Directions:
Beginning at the line that contains "ゲームショウを彩るコンパニオン写真200枚：２日編【TGS2013】_98" and finishing at the line that contains "Photo of property", output the data below exactly. Include both end lines and no pictures.

Data:
"""

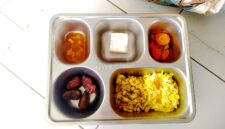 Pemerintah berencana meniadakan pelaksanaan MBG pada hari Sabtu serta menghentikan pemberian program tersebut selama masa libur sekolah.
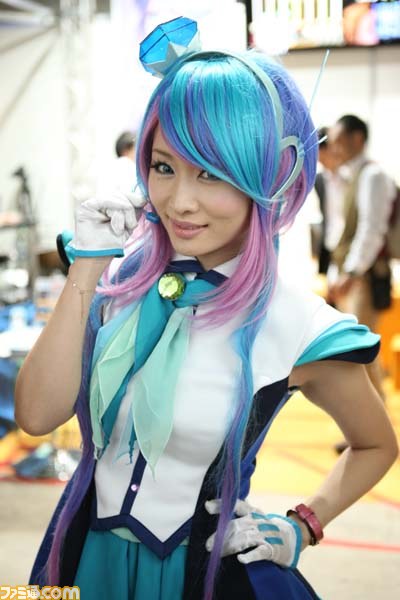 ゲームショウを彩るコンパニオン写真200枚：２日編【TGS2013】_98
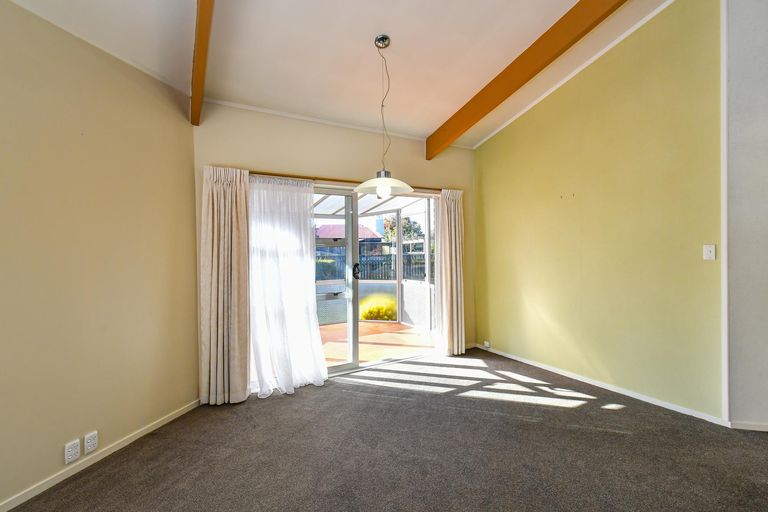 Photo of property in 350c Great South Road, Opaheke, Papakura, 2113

"""
"""

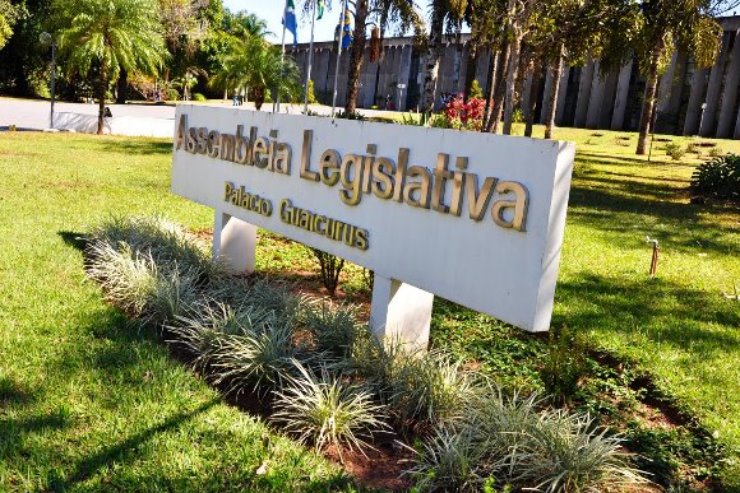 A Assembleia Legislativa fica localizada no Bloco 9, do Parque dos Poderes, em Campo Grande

"""

Output for this exercise:
 ゲームショウを彩るコンパニオン写真200枚：２日編【TGS2013】_98
 Photo of property in 350c Great South Road, Opaheke, Papakura, 2113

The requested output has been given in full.